--- Material provided ---
=== Section Start ===

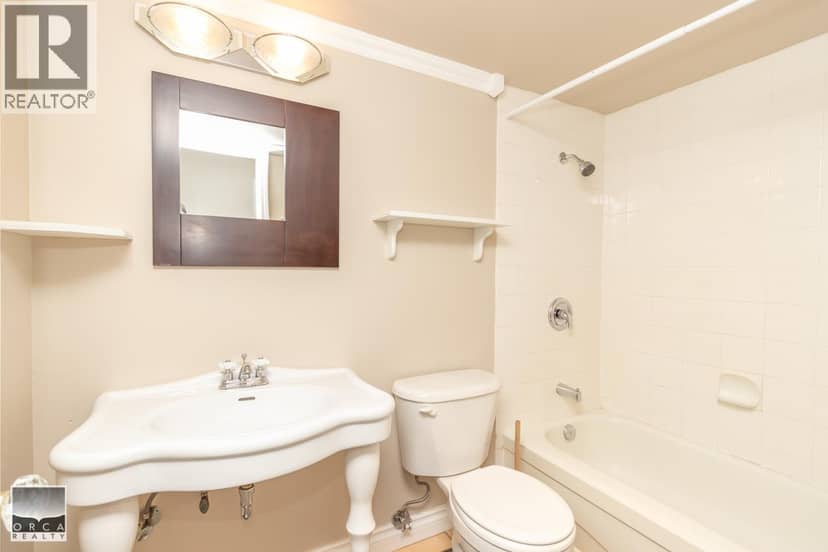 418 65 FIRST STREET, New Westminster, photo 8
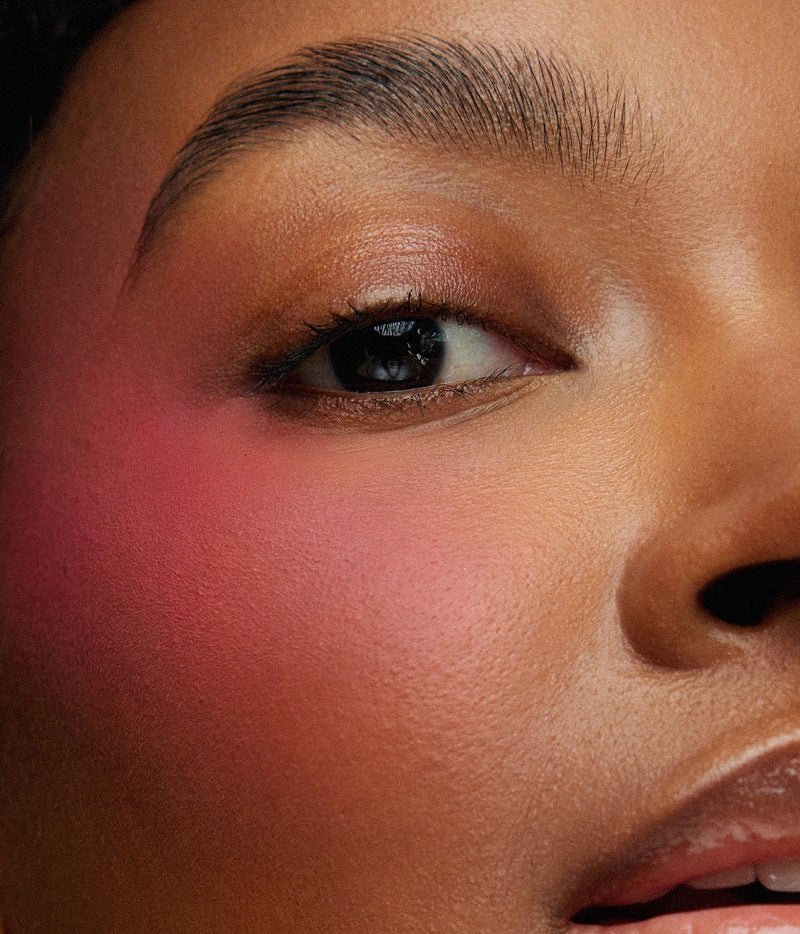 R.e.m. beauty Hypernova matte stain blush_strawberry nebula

=== Section End ===
=== Section Start ===

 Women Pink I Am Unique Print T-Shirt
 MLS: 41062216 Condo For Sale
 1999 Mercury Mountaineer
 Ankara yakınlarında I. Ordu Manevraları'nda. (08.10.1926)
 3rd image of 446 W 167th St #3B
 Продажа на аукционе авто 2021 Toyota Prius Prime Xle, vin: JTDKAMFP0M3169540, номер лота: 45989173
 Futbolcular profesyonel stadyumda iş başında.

=== Section End ===
=== Section Start ===

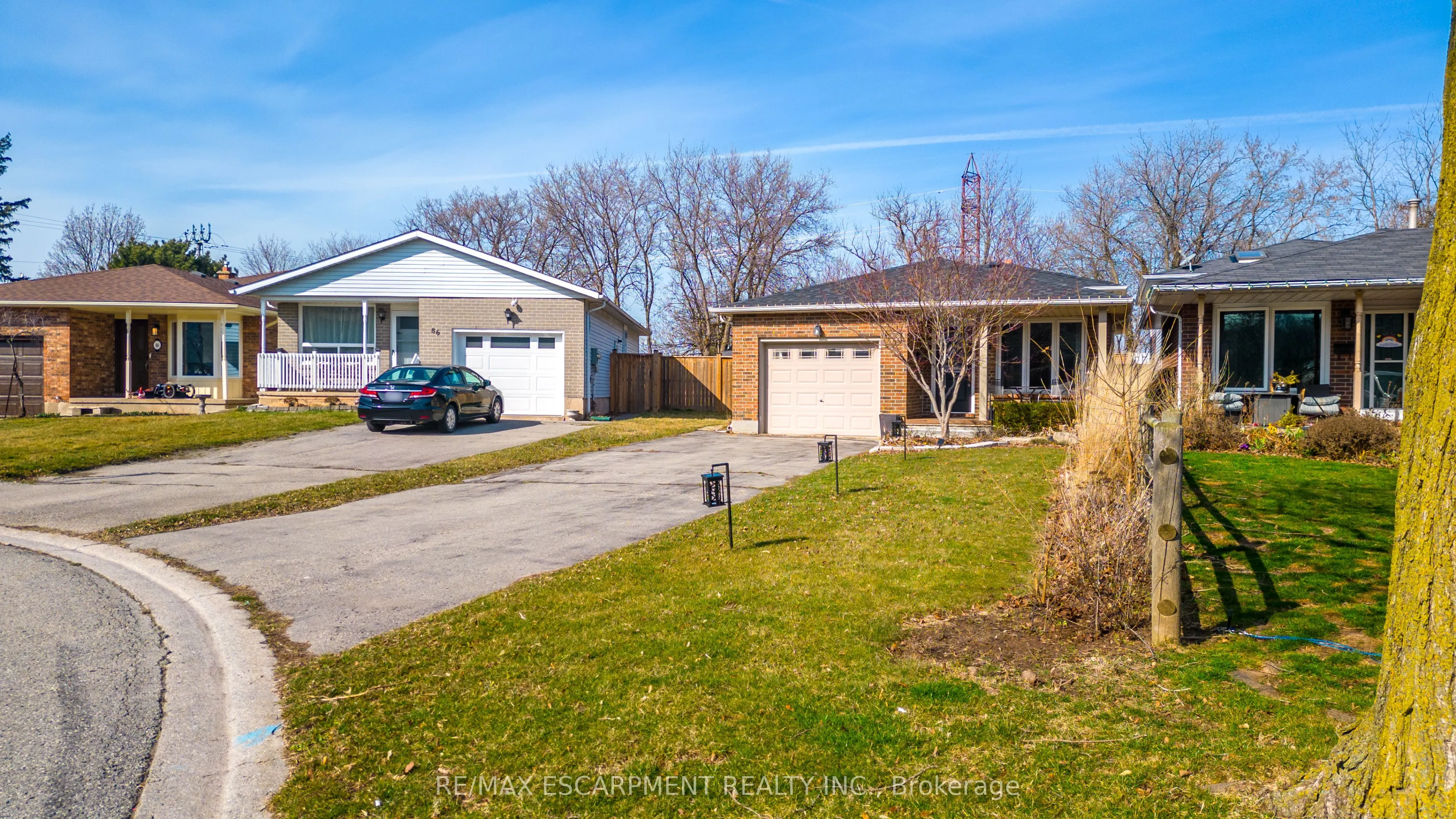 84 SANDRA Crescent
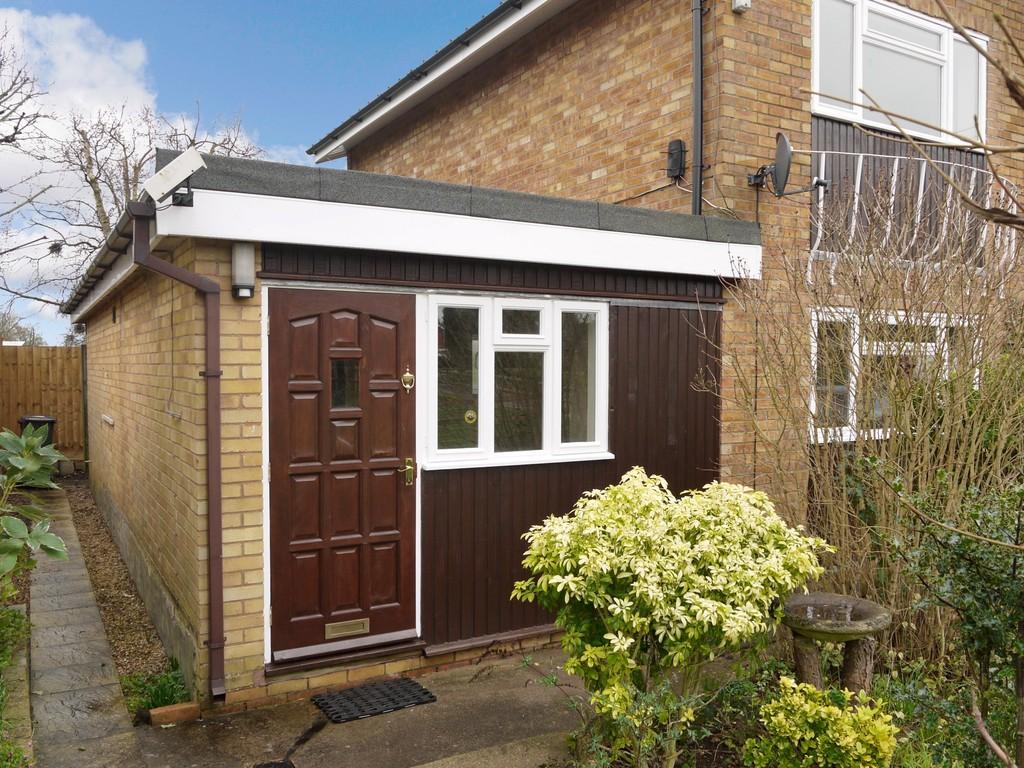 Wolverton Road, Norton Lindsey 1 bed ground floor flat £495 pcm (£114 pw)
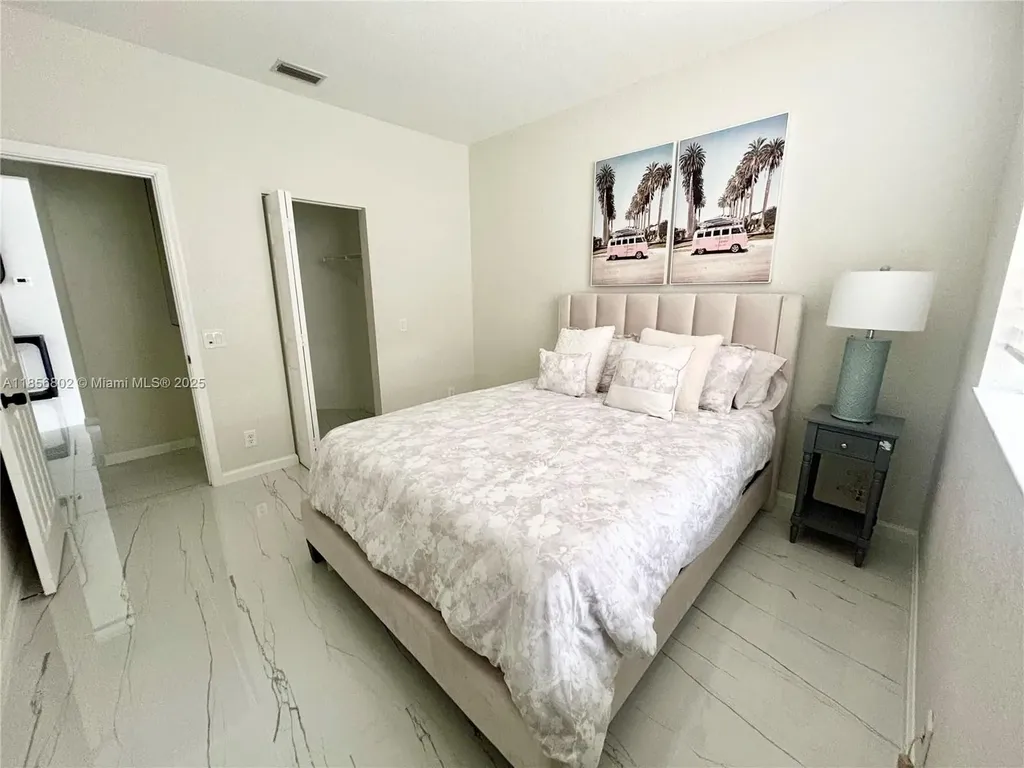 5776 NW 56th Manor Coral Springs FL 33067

=== Section End ===

--- Aim of the exercise ---
Repeat the entries above verbatim, but only from the line that has "1999 Mercury Mountaineer" down to the line that has "Futbolcular profesyonel stadyumda", inclusive.

--- Written answer ---
 1999 Mercury Mountaineer
 Ankara yakınlarında I. Ordu Manevraları'nda. (08.10.1926)
 3rd image of 446 W 167th St #3B
 Продажа на аукционе авто 2021 Toyota Prius Prime Xle, vin: JTDKAMFP0M3169540, номер лота: 45989173
 Futbolcular profesyonel stadyumda iş başında.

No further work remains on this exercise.